L’interruptibilité « secondaire » : depuis 2021, les clients industriels ayant une souscription de capacité d’acheminement ferme de plus de 40 MWh/j peuvent s’engager volontairement à réduire tout ou partie de leur consommation sous 24h à la demande de leur gestionnaire de réseau en contrepartie d’une exemption du terme de compensation stockage. 29 contrats ont été signés en 2022 par des clients de GRTgaz représentant un volume total de 15,8 GWh/j. 
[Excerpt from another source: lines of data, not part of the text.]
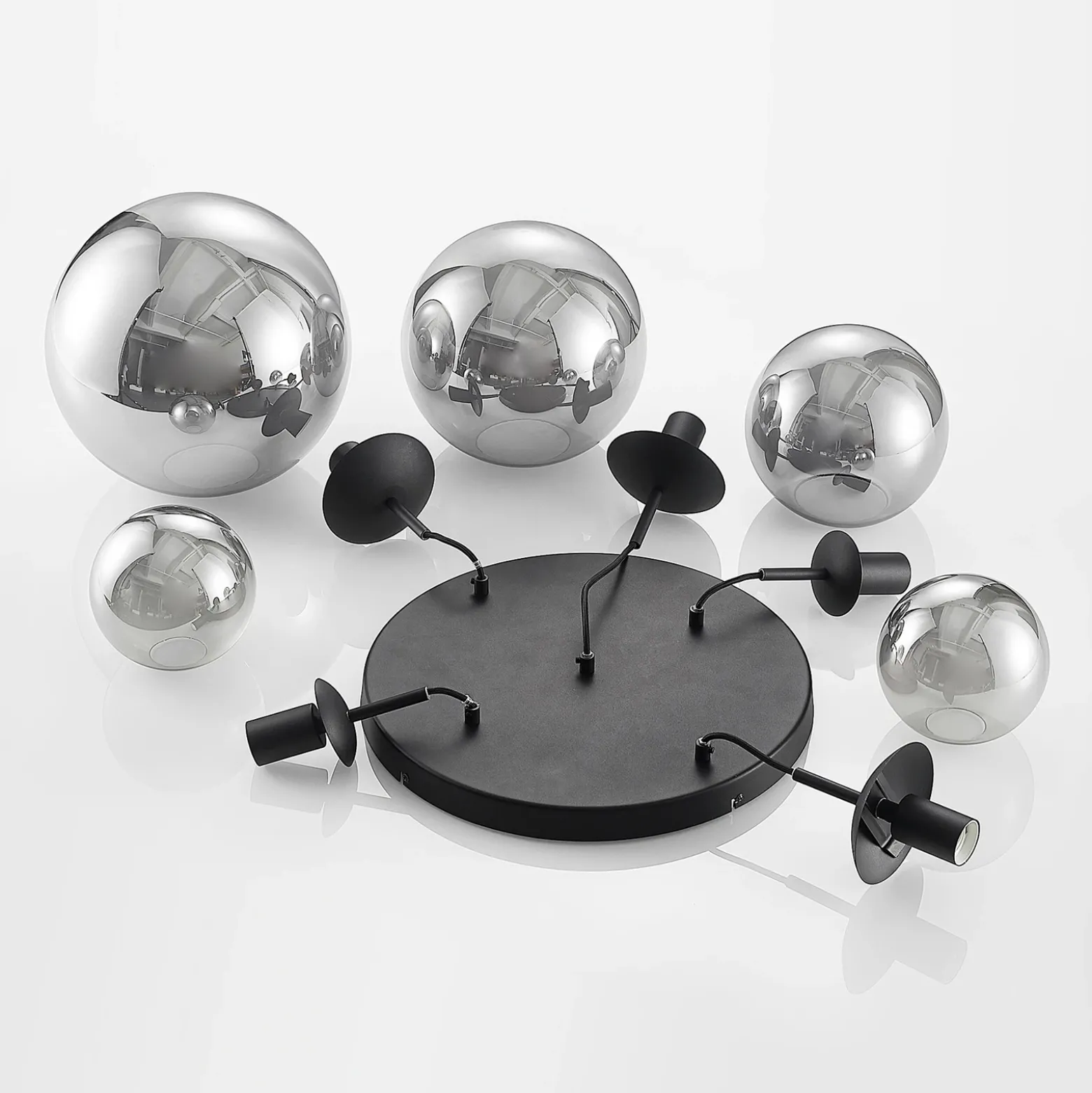 Lámpara colgante Lindby Teeja, ahumada, 5 luces, Ø50cm, cristal, E27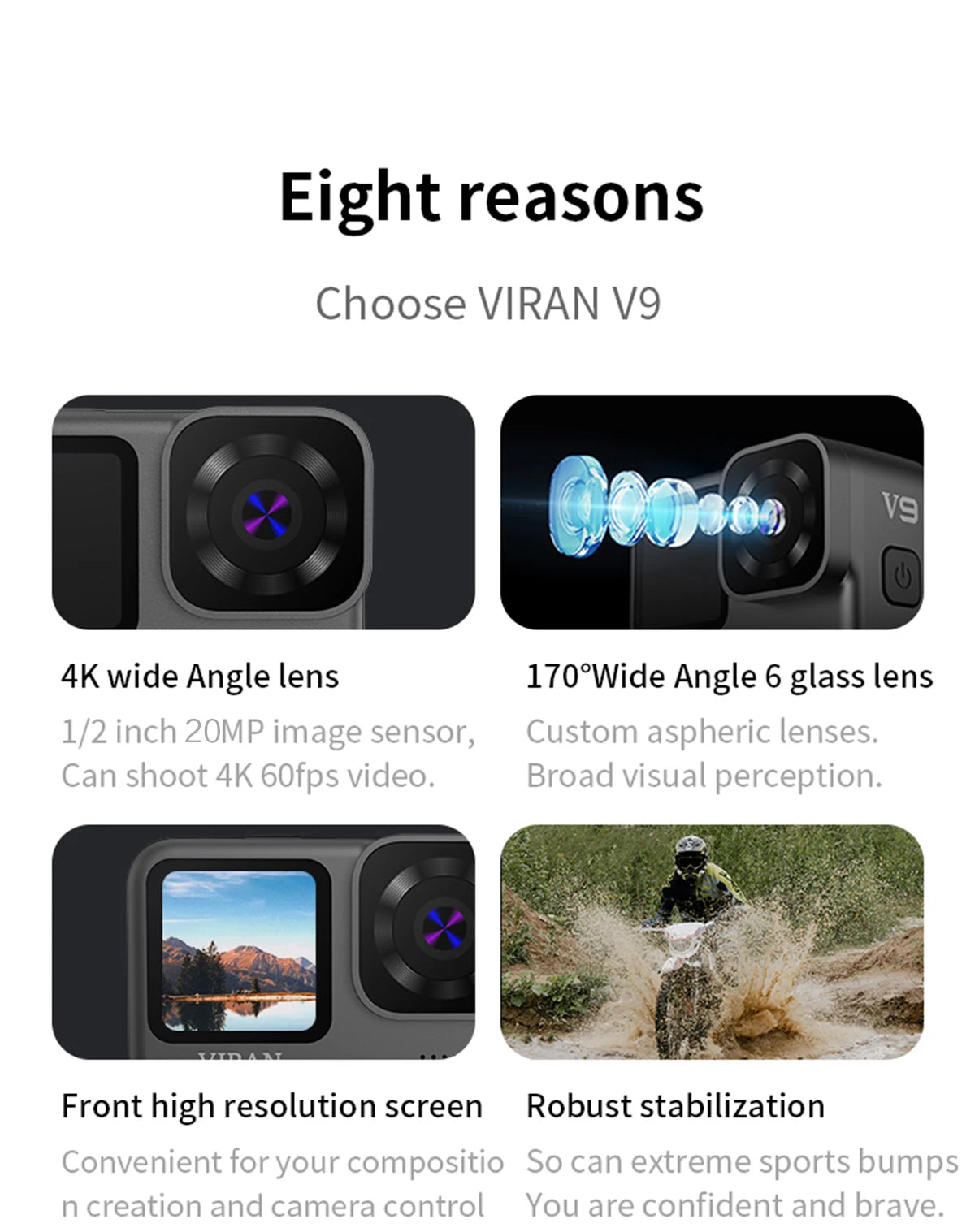 NEW CERASTES V9 4K WiFi Anti-shake Action Camera Go With Remote Control Screen Waterproof Sport Camera pro drive recorde - Winter Seller Hub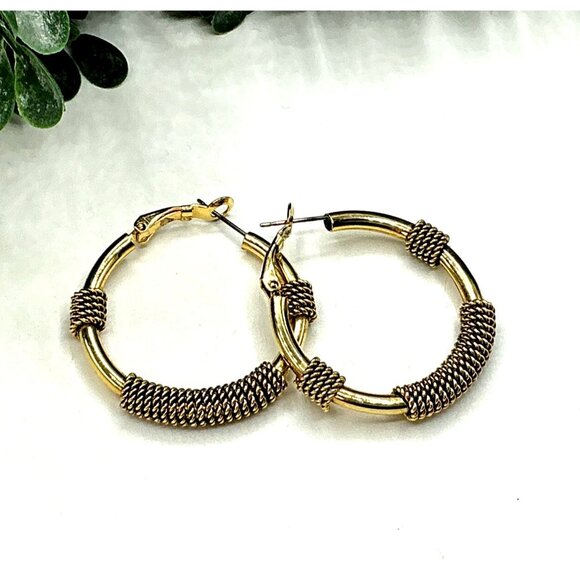 Gold Two Tone Twisted Wire Wrapped Hoop Earrings - Picture 4 of 7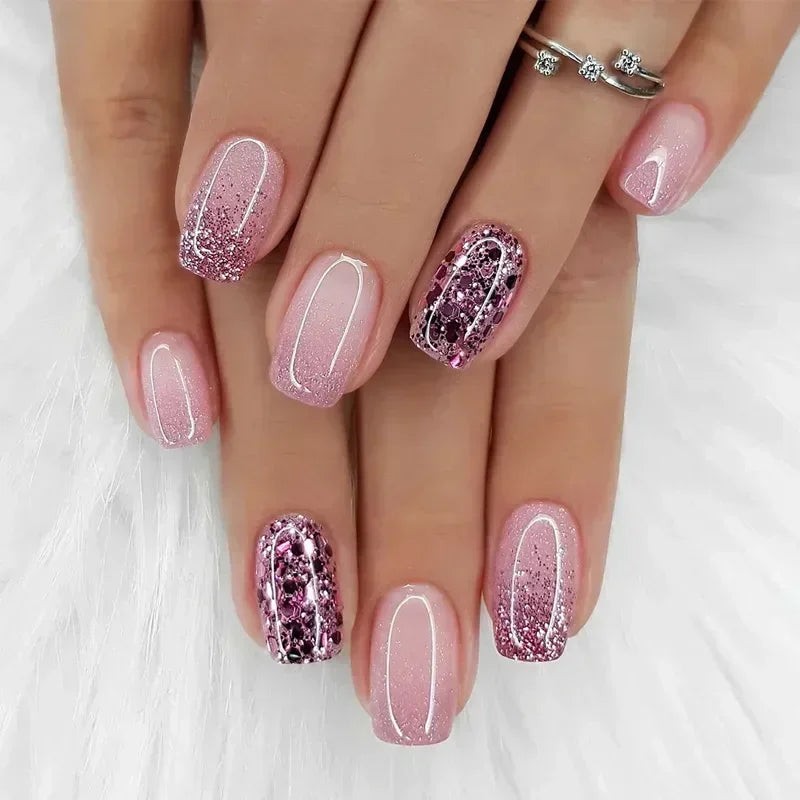 Glitter White French Press-On Nails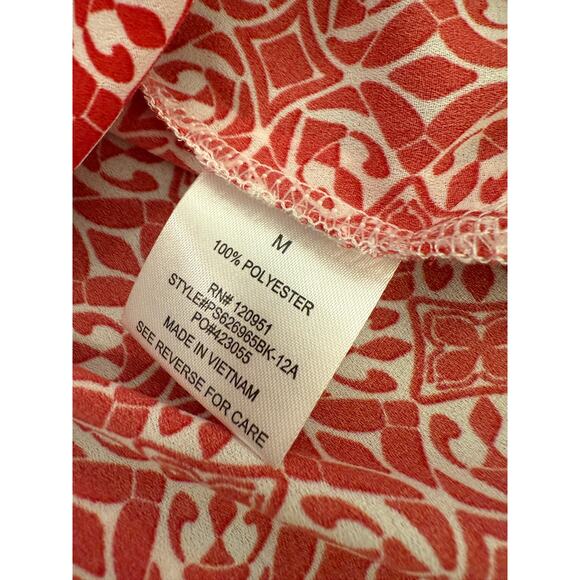 Pink Rose Red Hi Neck Geometric Flowy Summer Sleeveless NWT Top Blouse Halter M - Picture 6 of 7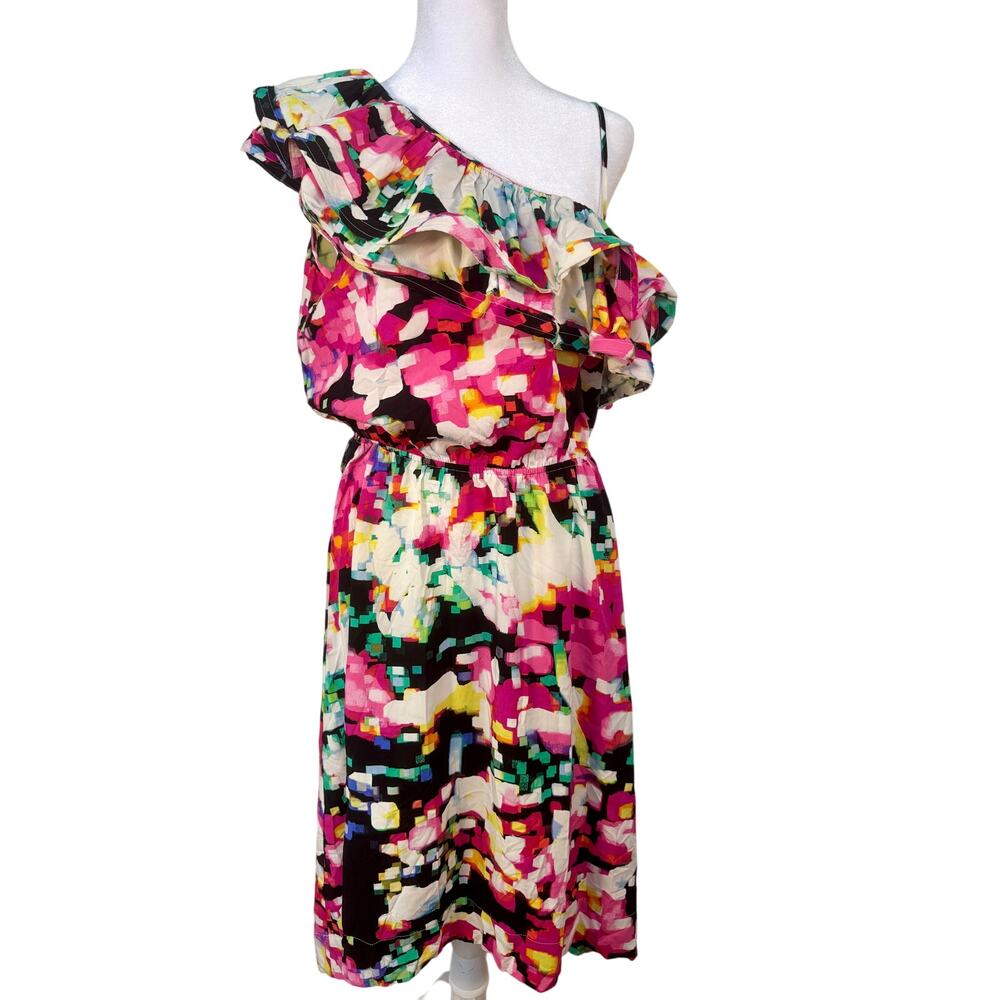 New H & M Pink Floral One Shoulder Midi High Low Dress Size‎ 10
L’interruptibilité « Garantie » : les consommateurs raccordés aux réseaux de transport et de distribution consommant plus de 20 MWh/jour pourront s’engager à réduire leur consommation contre une rémunération avec un préavis de la veille pour le lendemain. Des appels d’offre pilotés par les GRT doivent être lancés à l’automne 2022 pour que ces nouvelles capacités interruptibles soient disponibles en début d’année 2023.​ Le volume maximal à contractualiser par GRTgaz devrait être de 144 GWh/j.

En cas de crise majeure d’approvisionnement, les gestionnaires de réseaux pourraient également être contraints de déclencher des délestages pour sauvegarder l’alimentation des clients protégés (hôpitaux, bâtiments scolaires, installations militaires…) et des particuliers. Cette mesure n’interviendrait qu’en dernier recours.

Enfin, la solidarité européenne via les interconnexions sera au cœur de notre sécurité d’approvisionnement cet hiver. Quels sont vos échanges avec les gestionnaires de réseaux voisins ?

D’une manière générale, GRTgaz travaille en confiance avec les TSO’s voisins avec qui nous entretenons des relations de longue date. Je veux souligner aussi l’excellent travail réalisé par l’ENTSOG en matière de coordination et de vision prospective à l’échelle européenne.

Sous l’effet des événements géopolitiques, la solidarité européenne s’adapte et prend une nouvelle dimension. Depuis la France, en plus des volumes que nous transportons traditionnellement vers l’Italie (via la Suisse), les transits se sont développés ces derniers mois vers la Belgique et vers l’Allemagne (via la Belgique). En entrée, la France compte aussi sur l’Espagne qui vient d’augmenter d'environ un cinquième la capacité de livraison vers la France et qui nous a déjà envoyé du gaz au printemps en saturant l’interconnexion existante.

Cet été, les chefs d’Etat et de gouvernement français et allemand ont annoncé leur volonté de mettre en place des mesures de solidarité réciproques concernant la sécurité d’approvisionnement électrique et gazière. GRTgaz s’est mobilisé fortement pour rendre possible techniquement l’inversement du sens de fonctionnement de l’interconnexion gazière entre nos deux pays et proposer des règles de commercialisation. La CRE les a validés et fixés le tarif de la capacité physique de sortie au point d’interconnexion Obergailbach. Ainsi, depuis le 13 octobre 2022, la France exporte du gaz vers l’Allemagne, c’est une première historique.